Tanaka after return to Japan: I wanted to stay with Yankees
The two-time All-Star right-hander officially rejoined his original team on Saturday, signing a two-year contract with Japan's Tohoku Rakuten Golden Eagles. While he's thrilled to be back with the Pacific League club, he admitted staying in pinstripes was his preferred option.
"When I became a free agent, honestly, I wanted to sign another contract with (the) Yankees and play there," Tanaka told reporters in Tokyo, according to Jason Coskrey of The Japan Times. "Then, as I heard different things, I thought I might have to take a different road and considered various things."
Tanaka signed a seven-year contract with the Yankees in 2014 after a long run as the Golden Eagles' ace. He was a solid starter over his seven seasons with New York, posting a 3.74 ERA and 1.13 WHIP with 991 strikeouts. Though he didn't win a World Series, Tanaka did show up in the playoffs, crafting a 3.33 ERA and 0.98 WHIP across 10 postseason outings.

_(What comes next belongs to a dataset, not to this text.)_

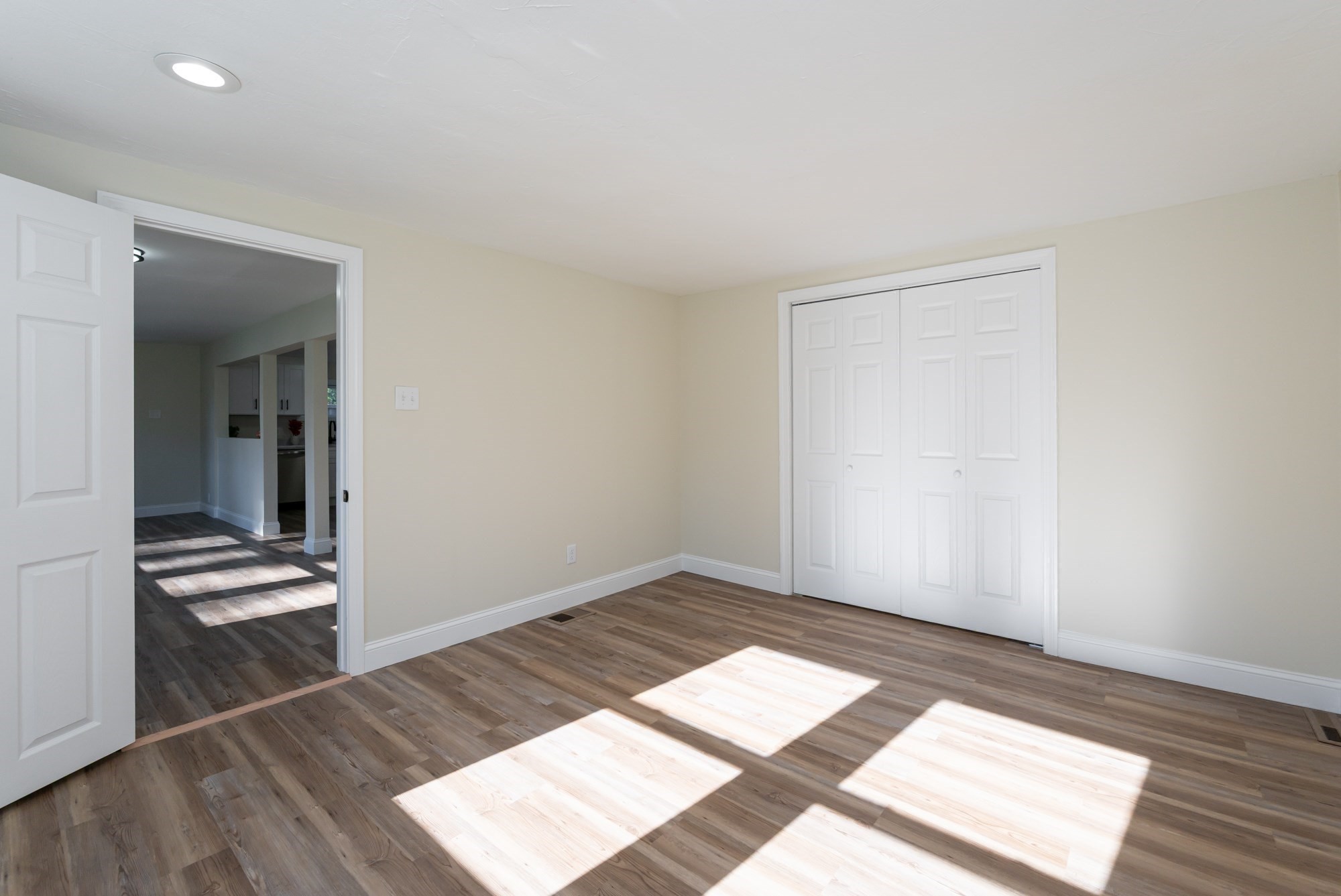 9 Everett St, Carver, MA 02330 - Image 14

But despite his desire to stay with New York, the Yankees chose to replace Tanaka in the rotation by signing Corey Kluber and trading for Jameson Taillon. Luxury-tax concerns after the team re-signed star infielder DJ LeMahieu also contributed to the decision to let Tanaka depart as a free agent.

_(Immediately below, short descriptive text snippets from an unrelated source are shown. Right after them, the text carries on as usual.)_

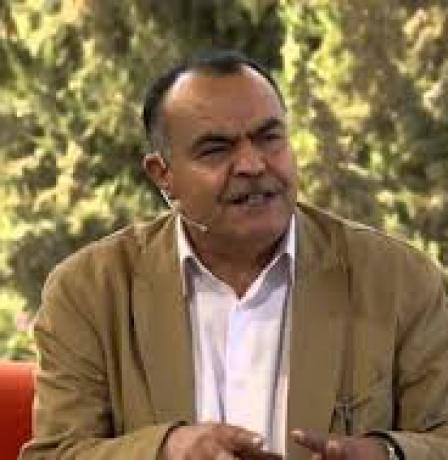 غزة على حافة المجهول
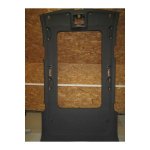 skoda octavia 3 RS tapicirung krova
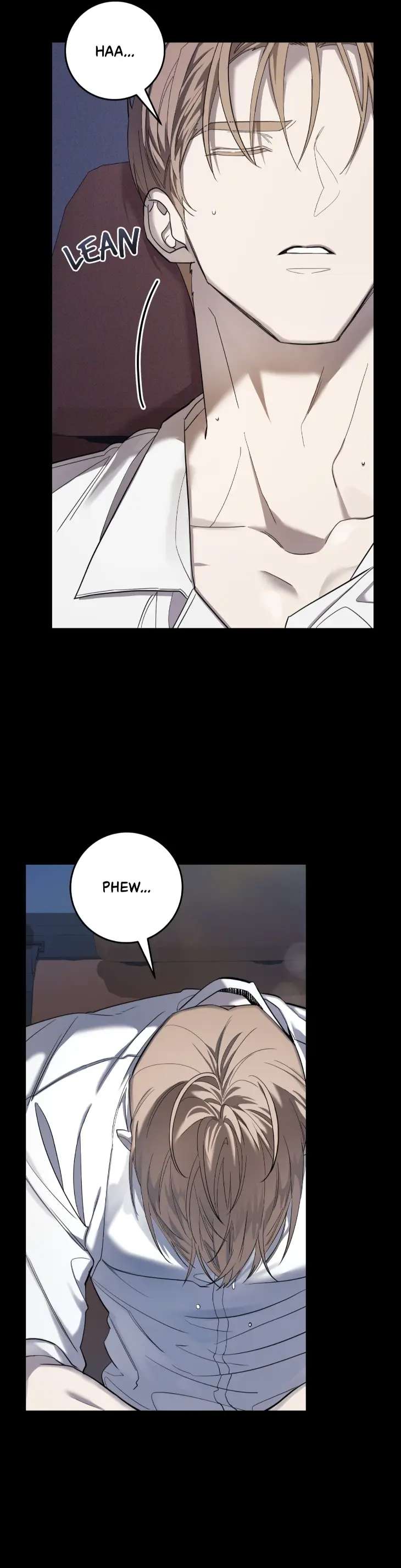 The-Hound-Behind-The-Mask-By-Umbi-Uncensored-Eng page 16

The 32-year-old drew interest from other big-league teams this winter and reportedly talked to the San Diego Padres, Minnesota Twins, and Toronto Blue Jays. But once New York was off the table, personal comfort in the form of his home country won out.
"I played over there for seven years, was told how highly I was valued, and received really good offers," Tanaka said, according to Kyodo News. "But for me, there was also this chance to play for the Eagles again, to pitch once more in front of my fellow Japanese. In the end, no offer in the States surpassed that."

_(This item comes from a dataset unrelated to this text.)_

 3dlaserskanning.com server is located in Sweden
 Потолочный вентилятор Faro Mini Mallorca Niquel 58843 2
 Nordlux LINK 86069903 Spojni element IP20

He added: "For me, No. 1 was what kind of baseball do you want to play, what kind of environment do you want to be in."
Tanaka signed a two-year contract with Rakuten, but a return to the majors may not be entirely off the table. He said Rakuten has agreed to let him "keep those options open" next winter, according to Kyodo.
If Tanaka does try to return to the U.S., the Yankees might be more receptive to a reunion in 2022.
"There's no door closed, let's put it that way from my perspective," Yankees general manager Brian Cashman told Pete Caldera of NorthJersey.com on Friday.